L’Empereur se remit à ses Mémoires qu’il avait négligés depuis longtemps ; il y fit des corrections, des additions, des changements. Les campagnes d’Italie et d’Egypte étaient à peu près terminées, le Consulat provisoire l’était aussi. Différentes autres parties eurent une première dictée. Ce qui arrêtait l’Empereur, dans son travail, c’est qu’il n’avait pas encore la partie des Moniteurs qui lui était nécessaire. En attendant qu’elle lui fût envoyée, il s’occupa des précis des campagnes de César, de Turenne et du grand Frédéric. S’il avait eu tous les livres qu’il désirait et que sa santé l’eût permis, il se promettait de faire les précis des campagnes des grands capitaines, tant les anciens que les modernes.

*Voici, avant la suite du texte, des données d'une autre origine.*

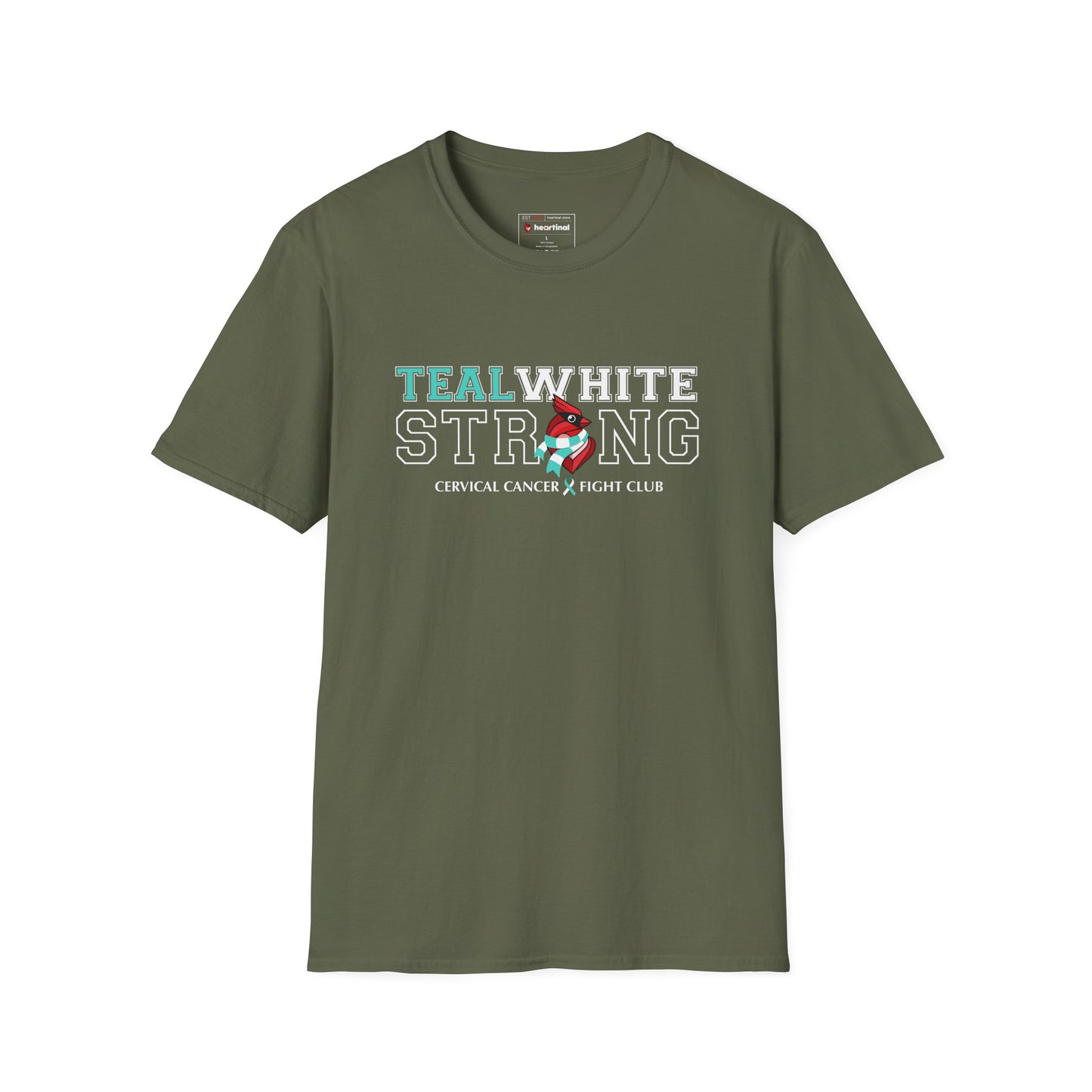 Teal White Strong - Cervical Cancer Fight Club T-Shirt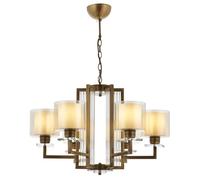 Elegante chandelier, vintage, cuerpo de metal, 90 cm de altura x 70 cm de diámetro, 6 bombillas E27 de máx. 40 W, diseño moderno y glamuroso para una decoración elegante del hogar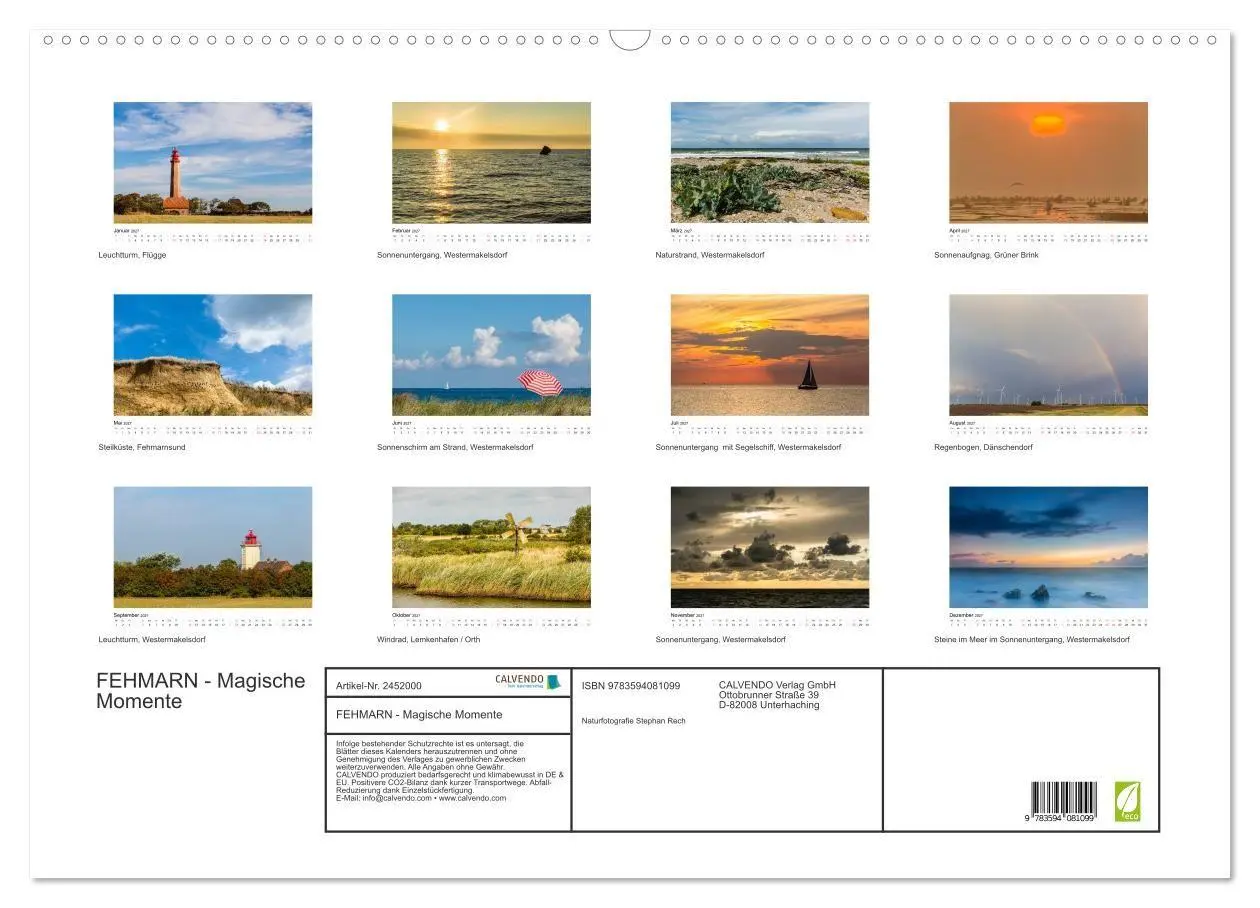 Bild: 9783594081099 | FEHMARN - Magische Momente (Wandkalender 2027 DIN A2 quer),...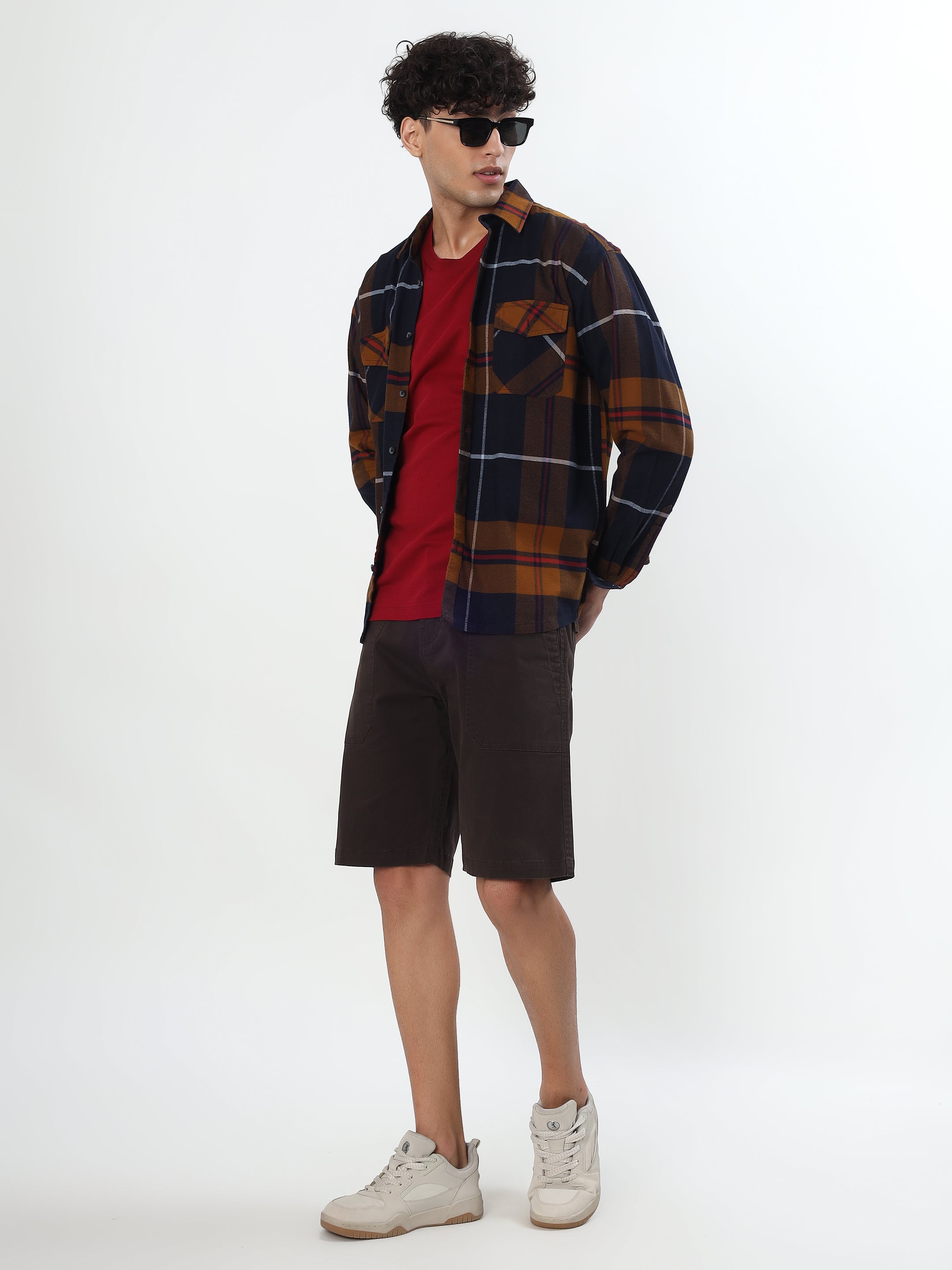 NAVY BLUE AND MUSTARD TARTAN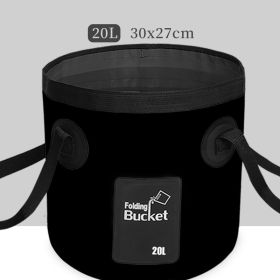 Outdoor portable collapsible water basin (Option: Black 20L)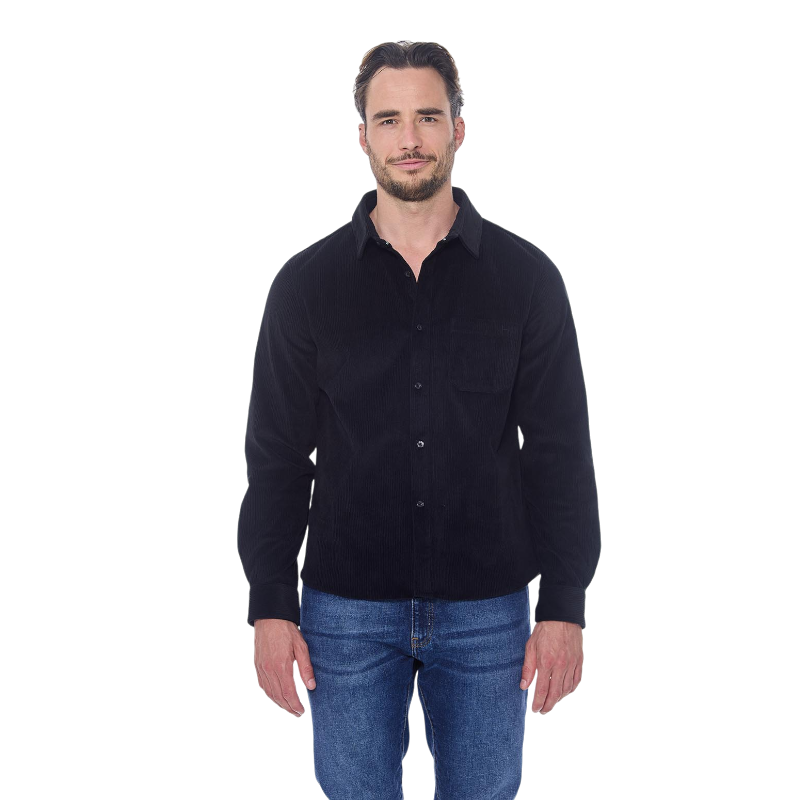Harcour - Chemise manches longues en velours homme Shavi noir | - Ohlala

Quand les trois précis qu’il avait entrepris furent terminés, il conçut un projet sur les fortifications de campagne. Les modèles qu’il avait dessein d’employer dans ce nouvel ouvrage, furent construits sur le terrain, et lorsqu’il en eut fait l’épreuve, il en fit mettre les profils au net et dicta ensuite sur la manière et le temps de les employer. Cette besogne lui plaisait. Elle lui rappelait ses premières années dans l’état militaire. Dans le même temps à peu près, il fit un projet sur la composition d’une armée et sur les États-majors. Le temps lui manqua pour rendre parfaits ces différents ouvrages.